Every line from the line containing "30 Inch Distressed" through the final line below must be returned exactly, and no other line.

» Data
▬▬▬▬▬▬▬▬▬▬

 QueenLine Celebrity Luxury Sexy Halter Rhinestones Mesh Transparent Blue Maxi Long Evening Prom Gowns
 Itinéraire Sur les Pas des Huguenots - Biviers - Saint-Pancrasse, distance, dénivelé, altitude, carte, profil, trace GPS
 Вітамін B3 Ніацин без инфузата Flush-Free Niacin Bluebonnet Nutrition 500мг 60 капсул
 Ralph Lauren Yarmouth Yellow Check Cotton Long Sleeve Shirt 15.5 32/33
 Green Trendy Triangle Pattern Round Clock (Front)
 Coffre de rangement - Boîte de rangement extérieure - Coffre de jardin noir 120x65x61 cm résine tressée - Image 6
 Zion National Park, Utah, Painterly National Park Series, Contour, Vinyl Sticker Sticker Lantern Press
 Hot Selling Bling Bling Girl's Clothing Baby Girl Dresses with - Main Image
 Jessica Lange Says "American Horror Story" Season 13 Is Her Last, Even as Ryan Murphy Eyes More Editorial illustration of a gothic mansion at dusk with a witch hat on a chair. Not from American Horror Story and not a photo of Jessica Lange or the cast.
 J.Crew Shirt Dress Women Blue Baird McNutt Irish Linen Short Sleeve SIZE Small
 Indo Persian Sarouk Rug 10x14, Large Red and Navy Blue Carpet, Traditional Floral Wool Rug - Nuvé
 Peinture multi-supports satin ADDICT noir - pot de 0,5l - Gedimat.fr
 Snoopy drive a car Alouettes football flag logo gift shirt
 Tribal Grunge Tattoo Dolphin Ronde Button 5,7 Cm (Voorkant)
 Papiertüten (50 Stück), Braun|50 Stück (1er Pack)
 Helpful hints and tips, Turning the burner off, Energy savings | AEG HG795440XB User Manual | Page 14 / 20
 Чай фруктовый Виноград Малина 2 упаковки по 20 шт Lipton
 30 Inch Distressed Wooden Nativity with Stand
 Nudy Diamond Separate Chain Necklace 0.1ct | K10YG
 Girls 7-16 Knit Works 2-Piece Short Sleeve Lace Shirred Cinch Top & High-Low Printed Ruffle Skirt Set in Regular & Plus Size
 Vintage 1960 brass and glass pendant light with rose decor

▬▬▬▬▬▬▬▬▬▬

» Solution to the problem
 30 Inch Distressed Wooden Nativity with Stand
 Nudy Diamond Separate Chain Necklace 0.1ct | K10YG
 Girls 7-16 Knit Works 2-Piece Short Sleeve Lace Shirred Cinch Top & High-Low Printed Ruffle Skirt Set in Regular & Plus Size
 Vintage 1960 brass and glass pendant light with rose decor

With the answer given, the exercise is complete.